= Collected data entries =
=======

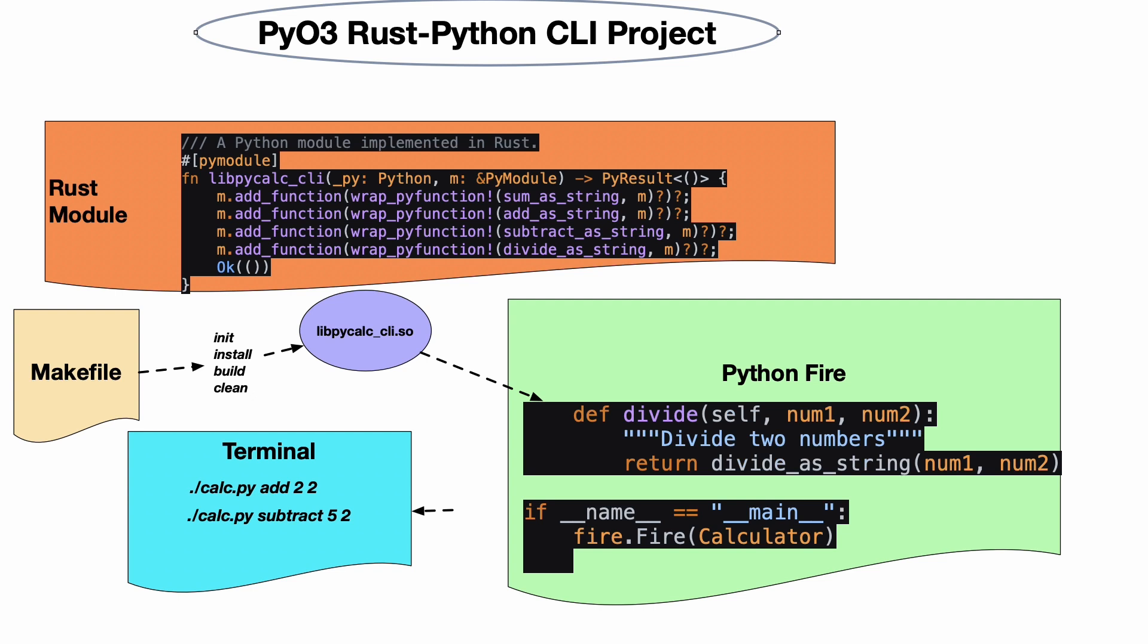If we look at the Rust code here, you build up the logic, and when you expose the logic you can see it's only a few lines of code to actually create a Python module. This is the key component in your Rust code.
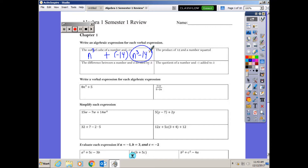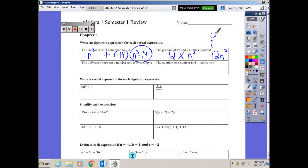Next problem: 'the product of 12 and a number squared.' Product means multiplication. When you multiply a number and letters you don't need the multiplication sign, so the more correct answer is 12n squared. By the way, the vocabulary word for the number in front of the letter — the number in front of the variable — is the coefficient.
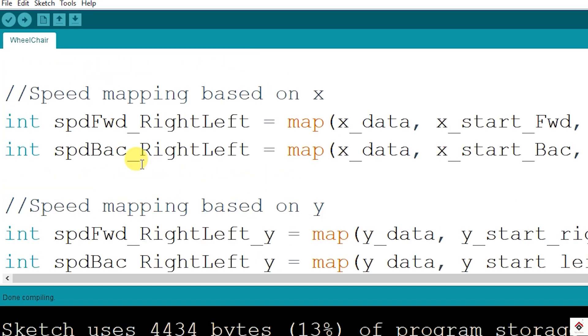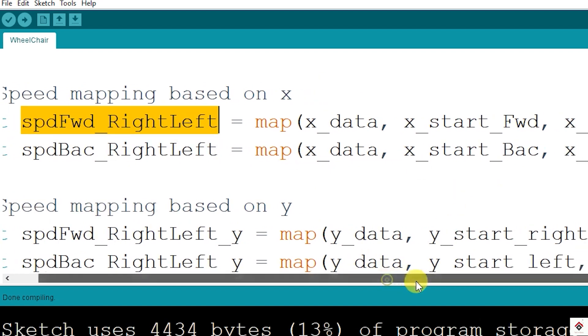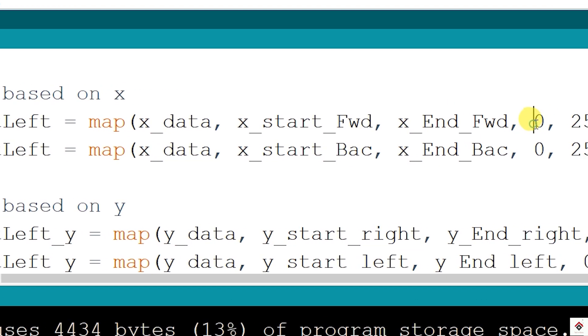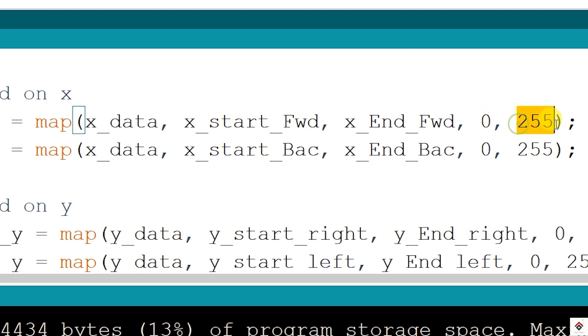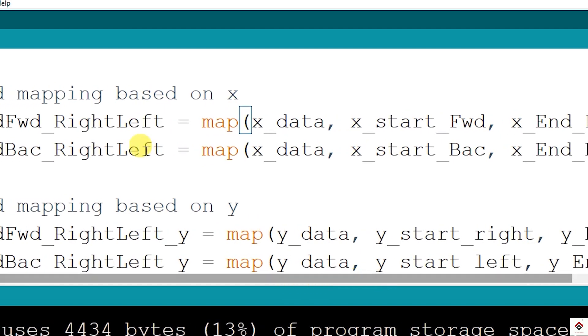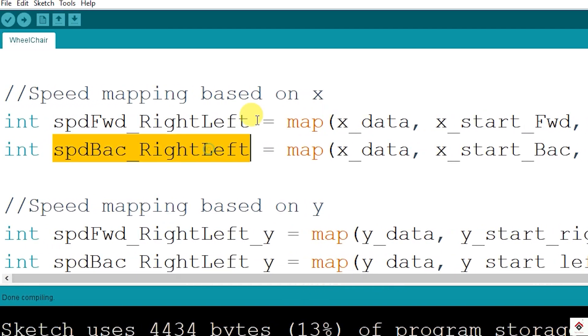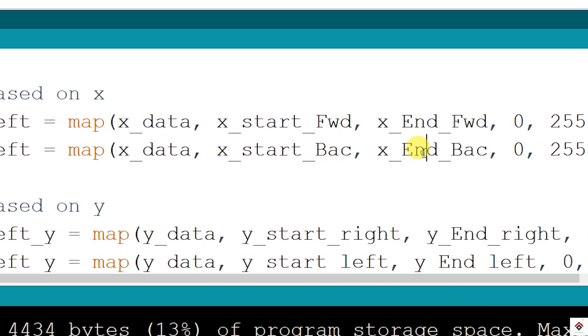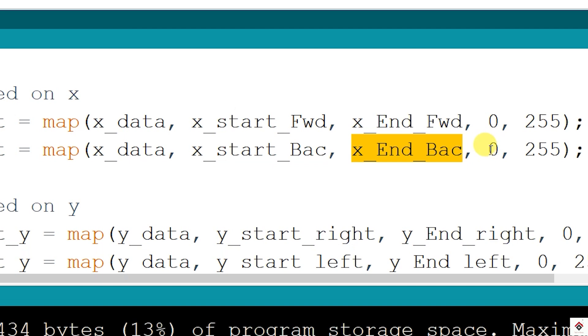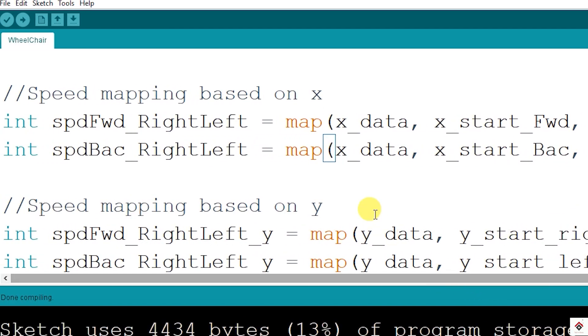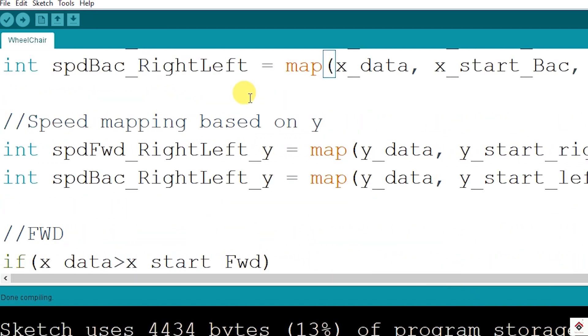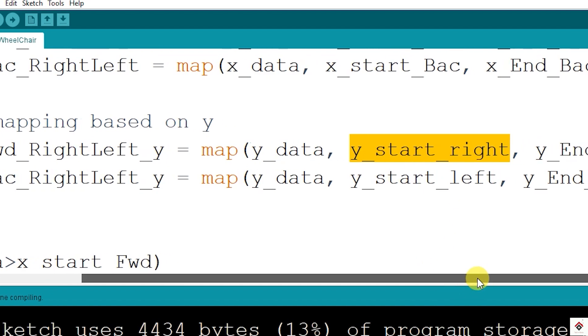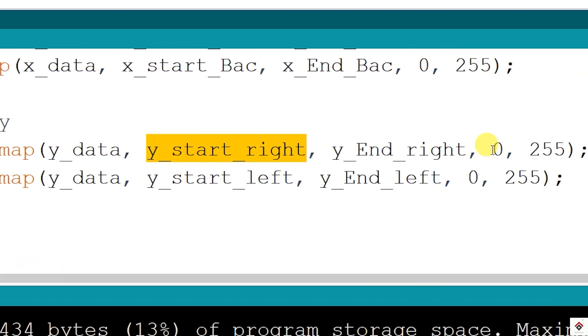Next we have speed mapping. We are using the X-axis data to move the wheelchair in the forward and backward direction. First for the forward, we will be mapping 535 to 1023 values to a range of 0 to 255. Similarly for the backward direction, we are mapping 490 to 0 to the range of 0 to 255. Similarly for the Y-axis, we will be using this data for left and right controls. Here also we are using the same values to map to the range of 0 to 255.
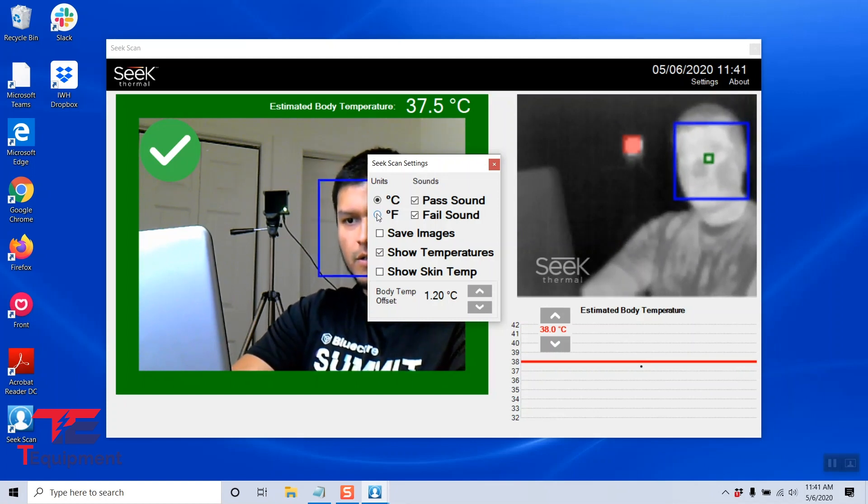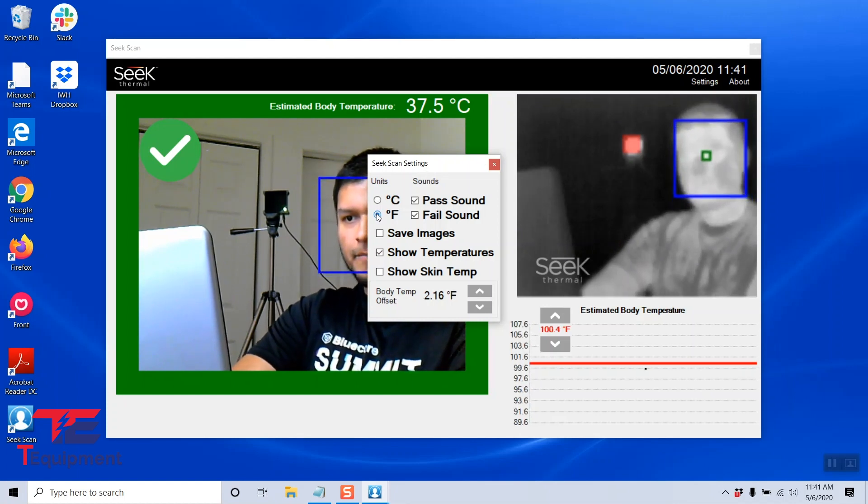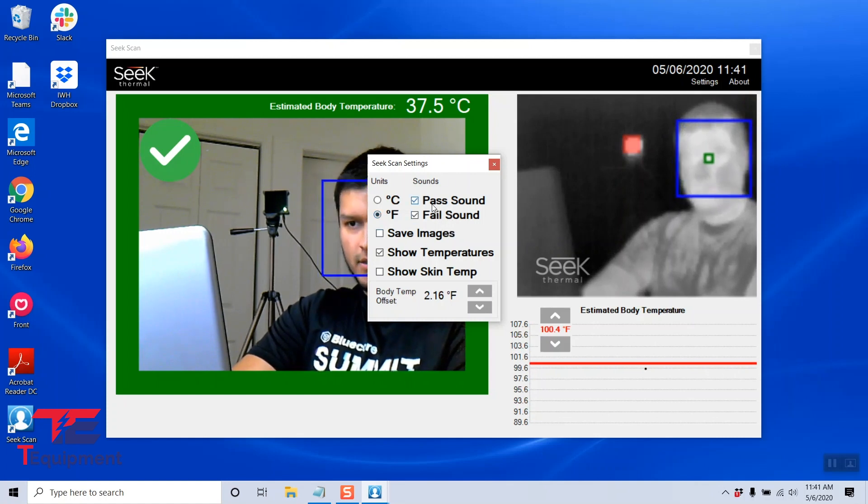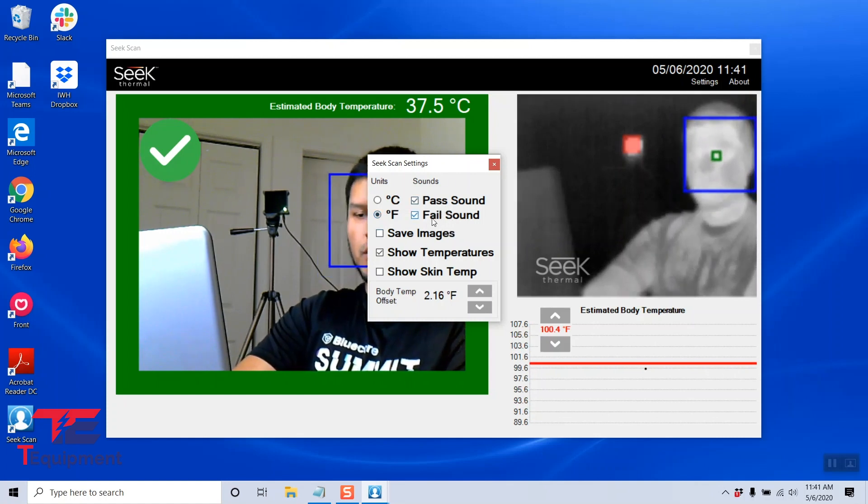I'm going to go ahead and change it to Fahrenheit. I'm also going to keep sounds as is. I do want a sound when it passes and also when it fails.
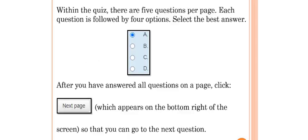Within the quiz, there are five questions per page. Each question is followed by four options. Select the option that you feel represents the best answer.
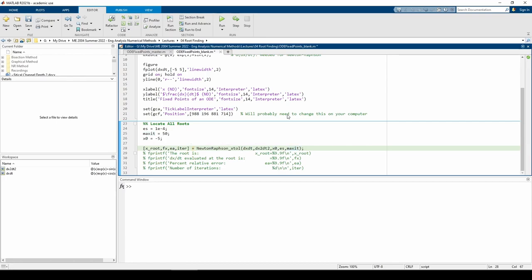I set parameters for the stopping criterion and the max number of iterations and called the function I wrote in the previous video. Hopefully, we won't be iterating anywhere close to 50 times because the initial guesses we elicited from the plot reside very close to the roots.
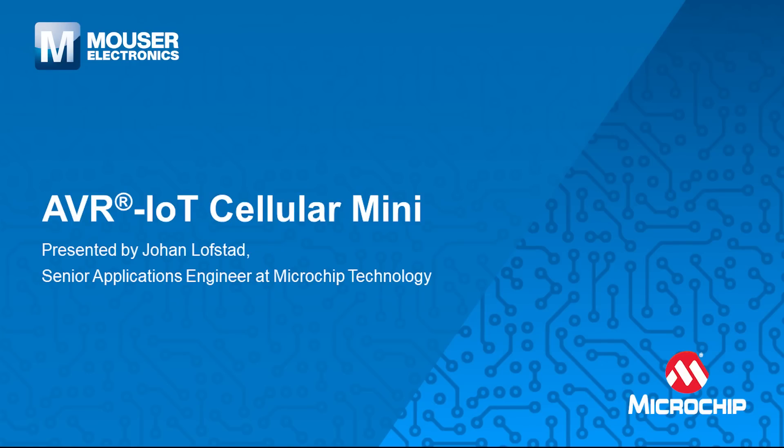Hi, I'm Johan Lofstad, Senior Applications Engineer at Microchip Technology, and this is the AVR IoT Cellular Mini.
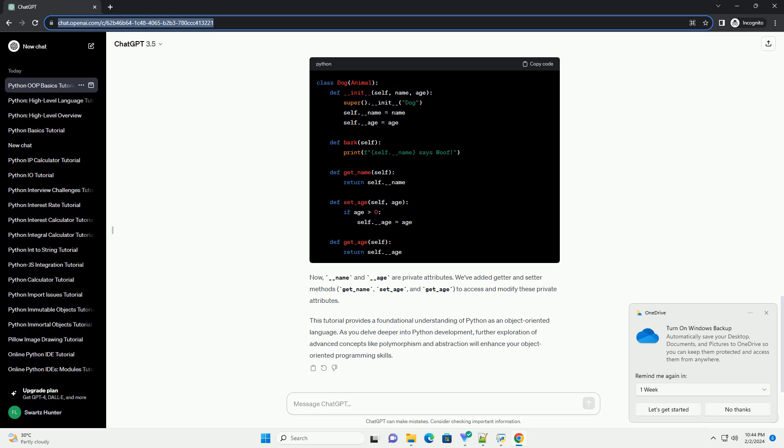This tutorial provides a foundational understanding of Python as an object-oriented language. As you delve deeper into Python development, further exploration of advanced concepts like polymorphism and abstraction will enhance your object-oriented programming skills.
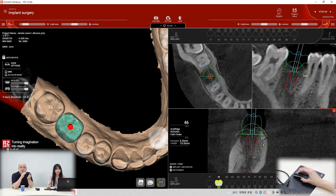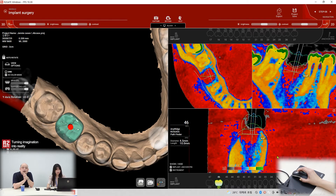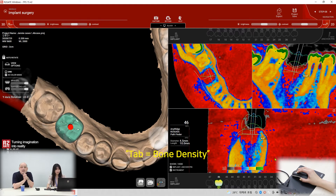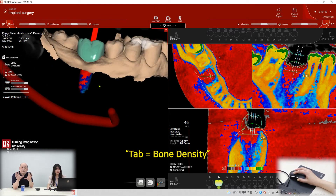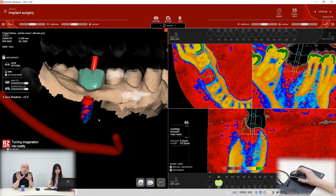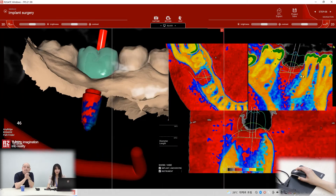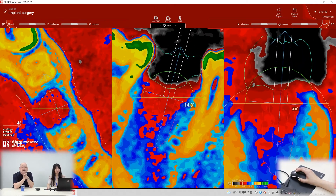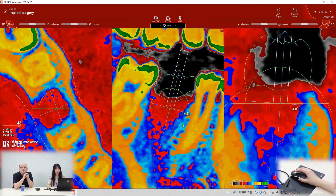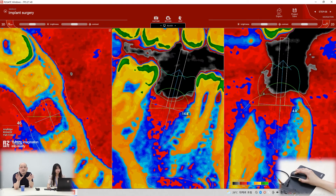Can you show me the bone density also? Which key is it? Tab. Tab is bone density. Show me the big screen. Can you see? That's the bone density.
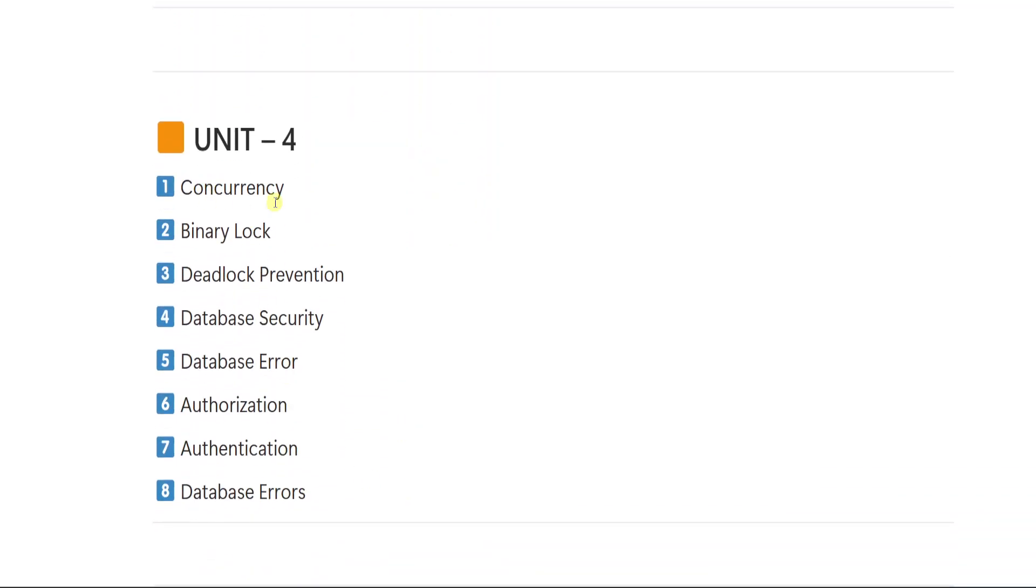From unit number 4, first important question is concurrency. 2 is binary lock. 3 deadlock prevention. 4 database security. 5 database errors. 6 authorization. 7 authentication. 8 database errors. So these are the 8 important questions from unit number 4.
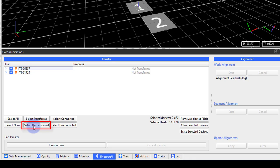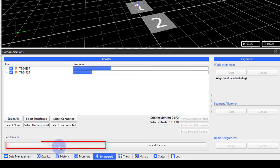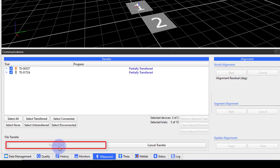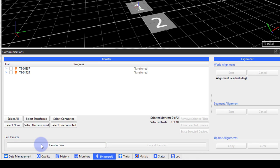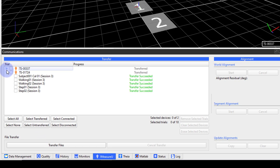Click select untransferred to select all the untransferred files, then transfer files. When I expand the sensors again, I can see that all trials have been transferred successfully.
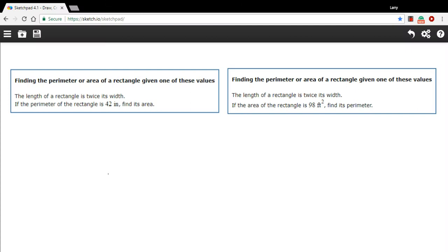In these problems, we are given either the perimeter or the area of a rectangle and some relationship between its sides. And then we have to find either the area or the perimeter of the rectangle, whichever one we don't have yet.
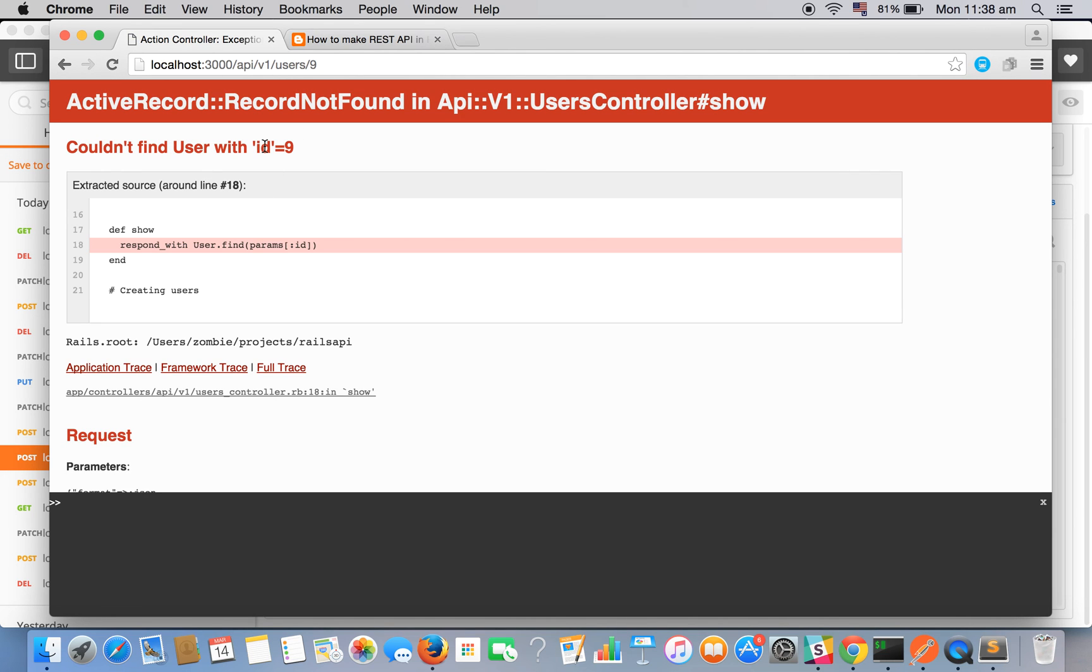Ok, so record not found. That means the user has been deleted. Couldn't find user with id 9. So we have successfully implemented all the methods.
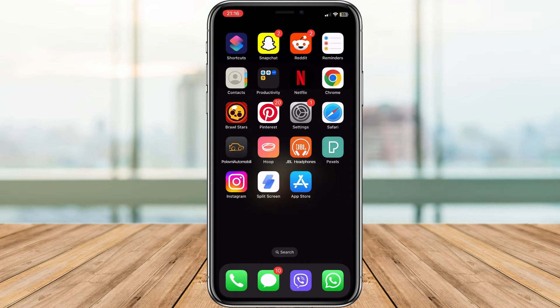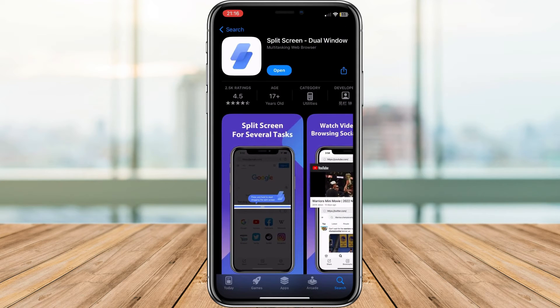We'll link it down in the description. Let's dive in. First things first, head over to the App Store and download the split screen app. Once installed, launch the app to get started.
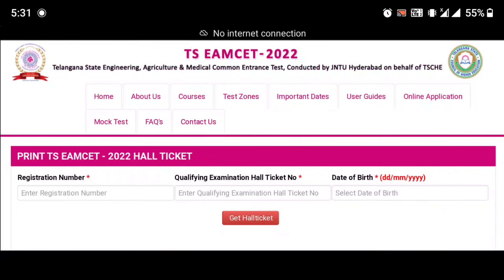Hello students, good evening all of you. Telangana State Engineering, Agriculture and Medical Common Entrance Test — this is M-SET. M-SET hall tickets have been released. These are for both BiPC and MPC students.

=======

= WHAT TO DO =
Only the lines from the top of the data through the line with "Can you show" should be quoted, exactly and with both ends kept; skip the pictures.

= TASK ANSWER =
If we look at the Rust code here, you build up the logic, and when you expose the logic you can see it's only a few lines of code to actually create a Python module. This is the key component in your Rust code.
Next problem: 'the product of 12 and a number squared.' Product means multiplication. When you multiply a number and letters you don't need the multiplication sign, so the more correct answer is 12n squared. By the way, the vocabulary word for the number in front of the letter — the number in front of the variable — is the coefficient.
Next we have speed mapping. We are using the X-axis data to move the wheelchair in the forward and backward direction. First for the forward, we will be mapping 535 to 1023 values to a range of 0 to 255. Similarly for the backward direction, we are mapping 490 to 0 to the range of 0 to 255. Similarly for the Y-axis, we will be using this data for left and right controls. Here also we are using the same values to map to the range of 0 to 255.
I'm going to go ahead and change it to Fahrenheit. I'm also going to keep sounds as is. I do want a sound when it passes and also when it fails.
Within the quiz, there are five questions per page. Each question is followed by four options. Select the option that you feel represents the best answer.
I set parameters for the stopping criterion and the max number of iterations and called the function I wrote in the previous video. Hopefully, we won't be iterating anywhere close to 50 times because the initial guesses we elicited from the plot reside very close to the roots.
Hi, I'm Johan Lofstad, Senior Applications Engineer at Microchip Technology, and this is the AVR IoT Cellular Mini.
This tutorial provides a foundational understanding of Python as an object-oriented language. As you delve deeper into Python development, further exploration of advanced concepts like polymorphism and abstraction will enhance your object-oriented programming skills.
Can you show me the bone density also? Which key is it? Tab. Tab is bone density. Show me the big screen. Can you see? That's the bone density.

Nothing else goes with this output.